Salinity projections, across all models and scenarios, showed increased freshening of the Salish Sea in the long-term (Figure 2; Supplementary Material, Figure S4). However, the magnitude of freshening differs between models; the CNRM-CM6-1-HR model predicts greater freshening than the GFDL-CM4 model. Furthermore, there were differences in the spatial pattern between the models as well. The GFDL-CM4 model showed a less negative salinity anomaly, and in some cases, a positive salinity anomaly around the mouth of the Columbia River, in South Puget Sound, and in the Northern Strait of Georgia (Figure 2). In contrast, for CNRM-CM6-1-HR, the Salish Sea as a whole had a more negative salinity anomaly than the Pacific Ocean, with slightly less negative anomalies in South Puget Sound only in some projections (Supplementary Material, Figure S4). Across the spatial domain, the salinity anomaly for the GFDL-CM4 model ranged between a maximum of 0.83 salinity units (short-term ssp585 projection) and a minimum of −0.60 (long-term ssp585 projection). For CNRM-CM6-1-HR, there was a wider range in the salinity anomaly across the spatial domain: a maximum salinity anomaly of 0.17 for the short-term ssp370 projection, and a minimum salinity anomaly of −2.16 for the long-term ssp585 projection.

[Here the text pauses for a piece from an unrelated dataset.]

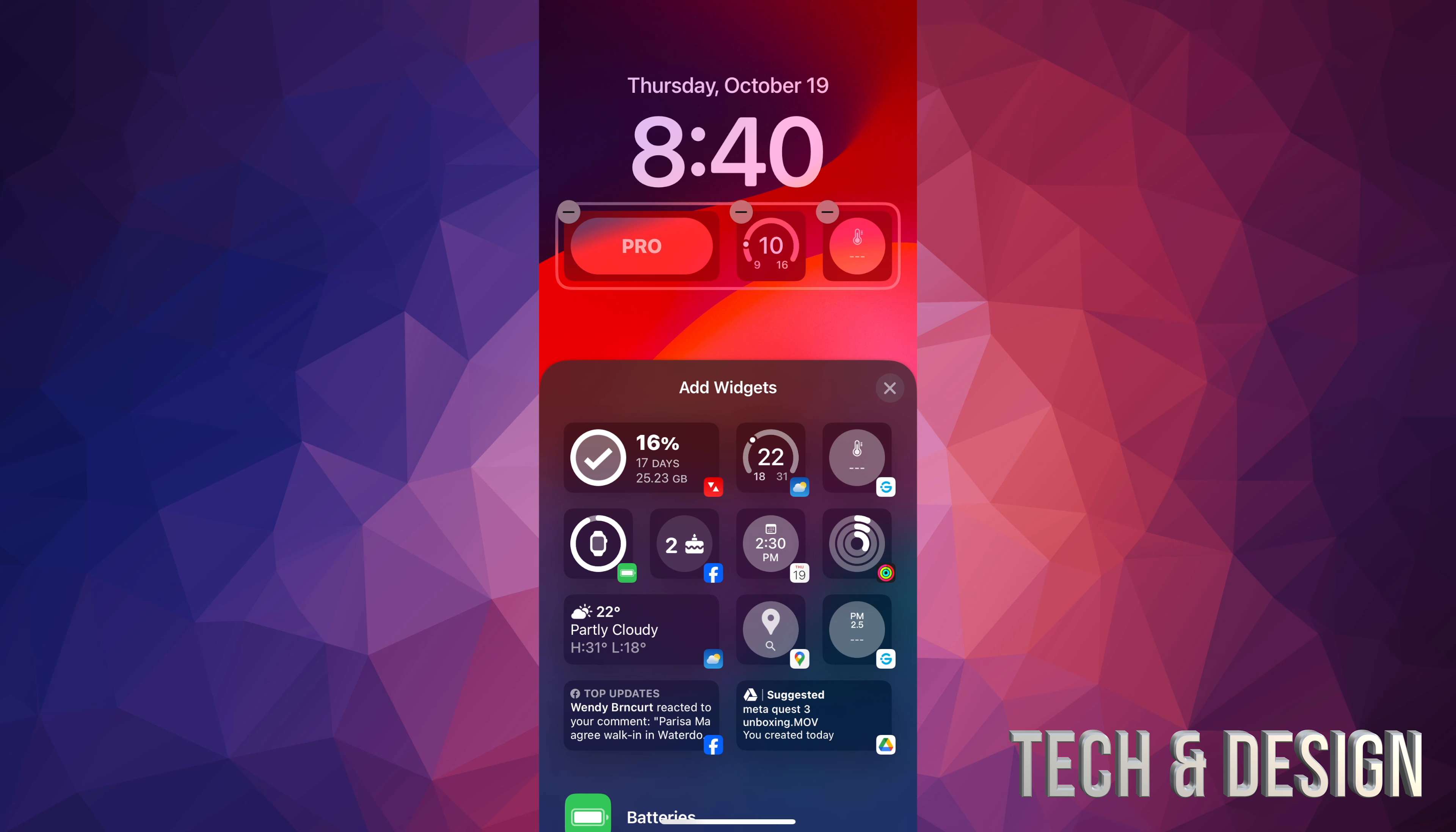Just tap on that third box where your widgets are at, and then you're going to see this minus sign on top of each one on the top left hand side. So if you tap on that minus sign, it's going to get deleted. And I just deleted all the widgets.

Average SST change for each scenario as forced by the ROMS time series. Results are shown for both models and the long-term and short-term projections. The black line shows the temporal patterns that come from the ROMS baseline, which ran over a 2-year period from 2005 to 2006. Scenarios are color coded and range from low (ssp126) to high (ssp585) emissions. ssp126 and ssp370 are not included in the GFDL-CM4 model because it only ran two scenarios, ssp245 and ssp585.
Average SST change for each scenario as forced by the ROMS time series. Results are shown for both models and the long-term and short-term projections. The black line shows the temporal patterns that come from the ROMS baseline, which ran over a 2-year period from 2005 to 2006. Scenarios are color coded and range from low (ssp126) to high (ssp585) emissions. ssp126 and ssp370 are not included in the GFDL-CM4 model because it only ran two scenarios, ssp245 and ssp585.
Average sea surface salinity change for each scenario as forced by the ROMS time series. Results are shown for both models and the long-term and short-term projections. The black line shows the temporal patterns that come from the ROMS baseline, which ran over a 2-year period from 2005 to 2006. Scenarios are color coded and range from low (ssp126) to high (ssp585) emissions. ssp126 and ssp370 are not included in the GFDL-CM4 model because it only ran two scenarios, ssp245 and ssp585.
Average sea surface salinity change for each scenario as forced by the ROMS time series. Results are shown for both models and the long-term and short-term projections. The black line shows the temporal patterns that come from the ROMS baseline, which ran over a 2-year period from 2005 to 2006. Scenarios are color coded and range from low (ssp126) to high (ssp585) emissions. ssp126 and ssp370 are not included in the GFDL-CM4 model because it only ran two scenarios, ssp245 and ssp585.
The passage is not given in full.